§ ASSIGNMENT
Search the listing below for the line containing "Çelik Mini Damla Tasarım Gold Küpe". From there through the line containing "1pc Stainless Steel", transcribe every line exactly, both ends included.

§ DATA TO EXAMINE

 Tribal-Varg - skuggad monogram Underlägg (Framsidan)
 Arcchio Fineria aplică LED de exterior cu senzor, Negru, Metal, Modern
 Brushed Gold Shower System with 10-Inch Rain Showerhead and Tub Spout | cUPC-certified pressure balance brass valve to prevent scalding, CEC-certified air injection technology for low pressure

==

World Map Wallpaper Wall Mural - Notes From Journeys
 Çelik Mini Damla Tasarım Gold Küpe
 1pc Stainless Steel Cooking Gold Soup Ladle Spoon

§ COMPLETED TASK
 Çelik Mini Damla Tasarım Gold Küpe
 1pc Stainless Steel Cooking Gold Soup Ladle Spoon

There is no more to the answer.